In both Yoruba and Bamum culture, the idea of balance of power between the sexes grants both men and women an equal degree of power, but often in different ways. Both genders have their own characteristics and qualities that empower them and neither is complete without the other. In Yoruba, gender plays a primary role in Gelede masquerade and in its custom of empowering the queen while in Bamum gender roles are articulated in palace architecture and in the custom of allowing Queen Mother to check and balance king’s power.
Within a clear distinction of gender role, the power of women is emphasized and is articulated in concept, mask, performance, and setting of the Yoruba Gelede masquerade, which is a Yoruba festival honoring the women of the community. It is a manifestation of respect for the power of women, their life force and motherhood so that such power continues to benefit and protect the community. Gelede masks such as the Great Mother, the Spirit Bird mask, and the nocturnal mask, each representing composure, mystical form, and the inner head respectively, underscores female power. During the masquerade dancers, consisted only of males, express Yoruba ideals of male and female behaviors through dance movements. It is important to note that the performance is taken place at the market place which is considered as women’s space, for it is a center of social and economic activity for women whose common occupation it trading.

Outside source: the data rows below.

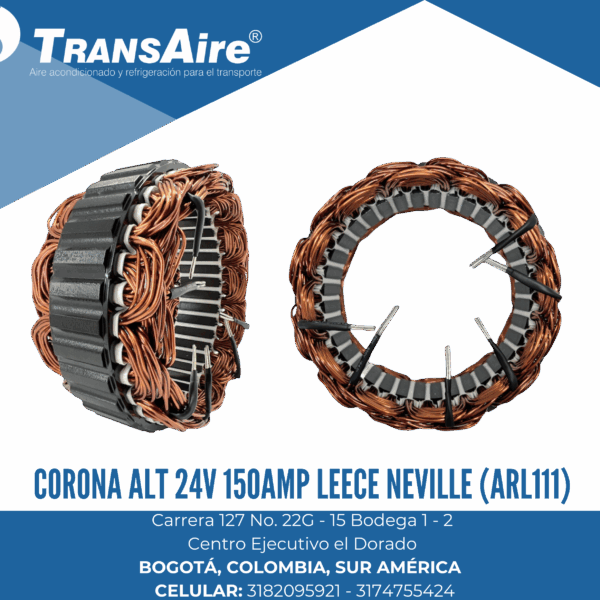 Corona Alt 24V 150amp Leece Neville (ARL111)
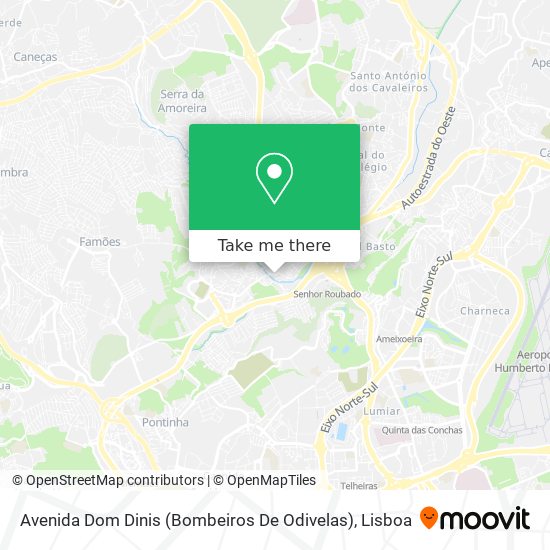 Avenida Dom Dinis (Bombeiros De Odivelas) map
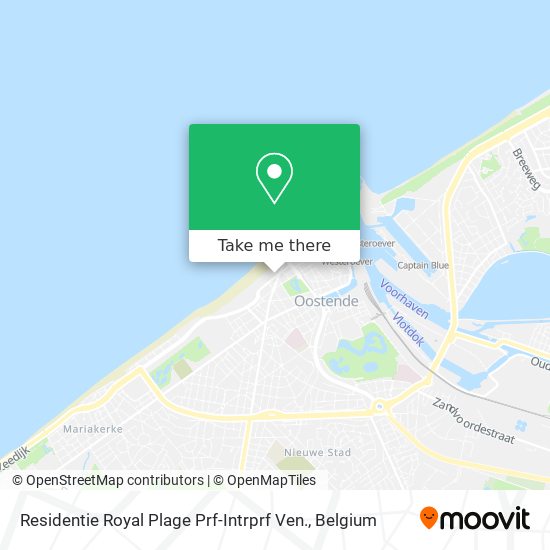 Residentie Royal Plage Prf-Intrprf Ven. map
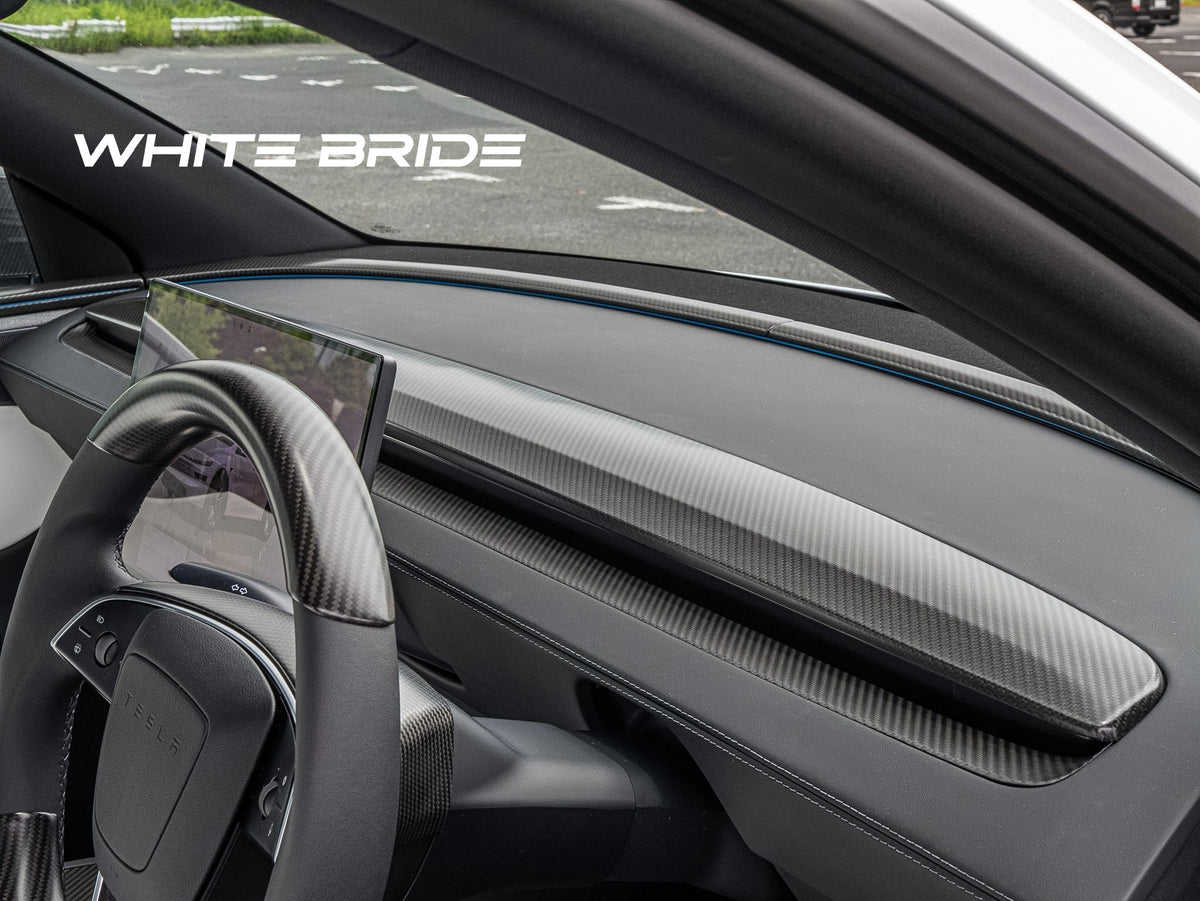 WHITE BRIDE ドライカーボン ダッシュボードトリム ［交換式］ テスラ MODEL Y (2025〜)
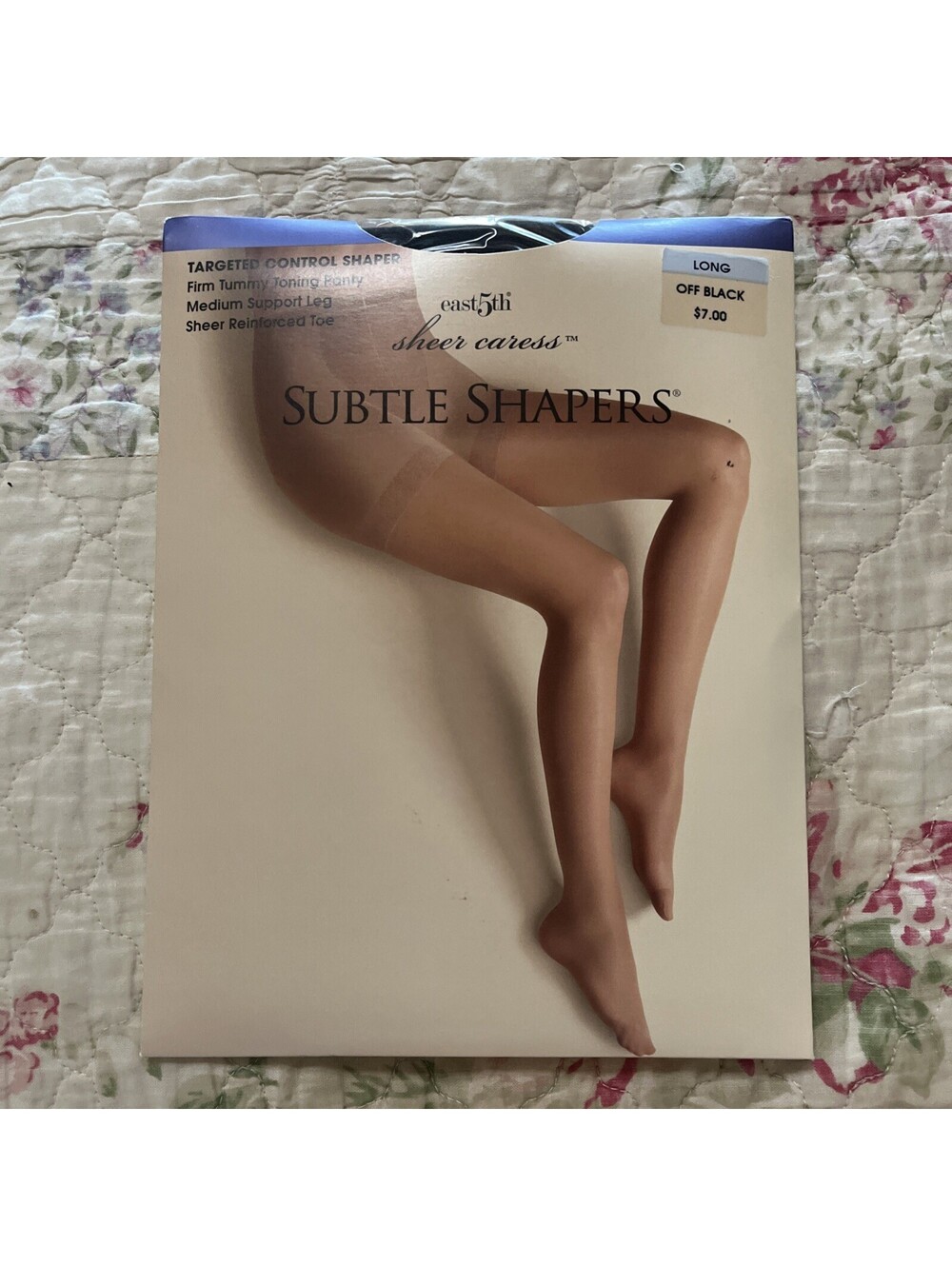 JCPenney East 5th Subtle Shapers Pantyhose Long Off Black 6309 NOS USA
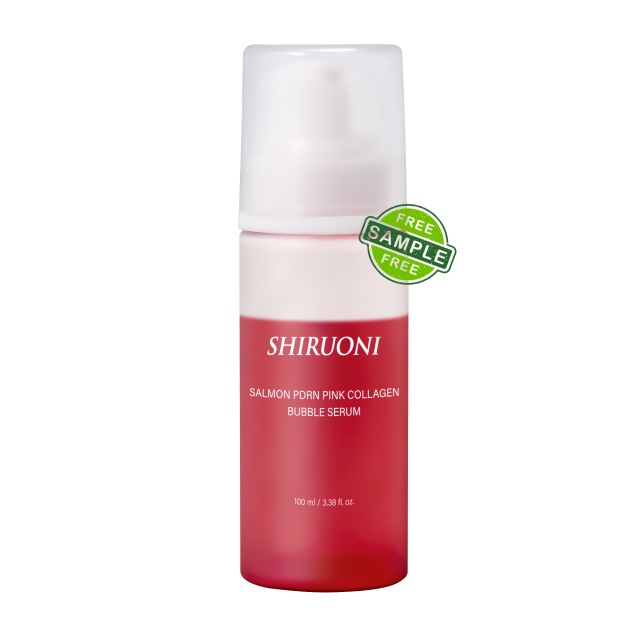 Salmon PDRN Pink Collagen Bubble Serum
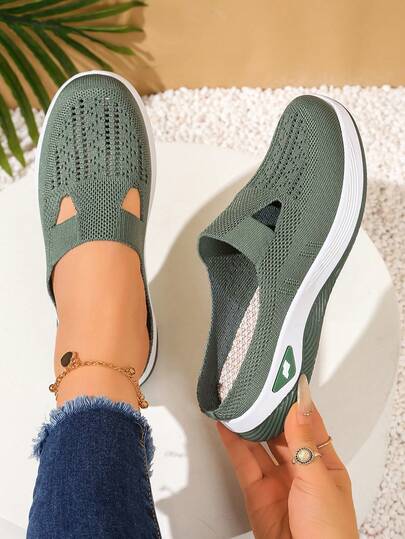 2025春秋新款北京布鞋，厚底镂空凉鞋，软底舒适步行鞋，百搭时尚，舒适不伤脚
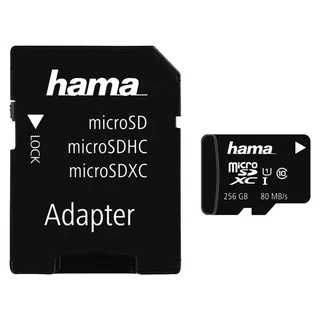Hama microSDXC 256GB Class 10 UHS-I + SD-Adpater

In Yoruba culture, gender role appears not only through Gelede masquerade but also in its custom of queen’s check on Oba’s power in royal palace. What cannot be done by king is often done by queen. By allowing queen to hold such power, Yoruba culture managed to maintain check and balance of power within palace. Take one of Yoruba custom for instance. King is prohibited to look into his own crown or wear it himself while queen is not. Due to such check and balance, Yoruba king’s power remains great yet fragile.